Segment Start: Data shown
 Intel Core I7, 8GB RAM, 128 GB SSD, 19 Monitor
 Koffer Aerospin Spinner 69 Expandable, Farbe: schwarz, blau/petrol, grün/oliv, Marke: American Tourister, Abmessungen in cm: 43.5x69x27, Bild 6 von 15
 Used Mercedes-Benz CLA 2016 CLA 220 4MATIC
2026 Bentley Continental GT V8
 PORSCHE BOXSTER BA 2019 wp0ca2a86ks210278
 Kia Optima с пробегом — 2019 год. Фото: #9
Segment End: Data shown
Segment Start: Data shown
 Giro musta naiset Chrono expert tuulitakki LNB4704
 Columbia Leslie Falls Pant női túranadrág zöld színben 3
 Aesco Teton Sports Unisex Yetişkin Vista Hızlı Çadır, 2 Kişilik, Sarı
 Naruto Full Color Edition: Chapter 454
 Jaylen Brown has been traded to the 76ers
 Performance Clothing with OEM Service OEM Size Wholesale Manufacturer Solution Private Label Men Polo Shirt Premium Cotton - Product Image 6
Segment End: Data shown
What this task involves
Please give back, exactly as it stands above, the stretch from the line with "Aesco Teton Sports" through the line with "Performance Clothing with", and no line outside it.

Solution to the exercise
 Aesco Teton Sports Unisex Yetişkin Vista Hızlı Çadır, 2 Kişilik, Sarı
 Naruto Full Color Edition: Chapter 454
 Jaylen Brown has been traded to the 76ers
 Performance Clothing with OEM Service OEM Size Wholesale Manufacturer Solution Private Label Men Polo Shirt Premium Cotton - Product Image 6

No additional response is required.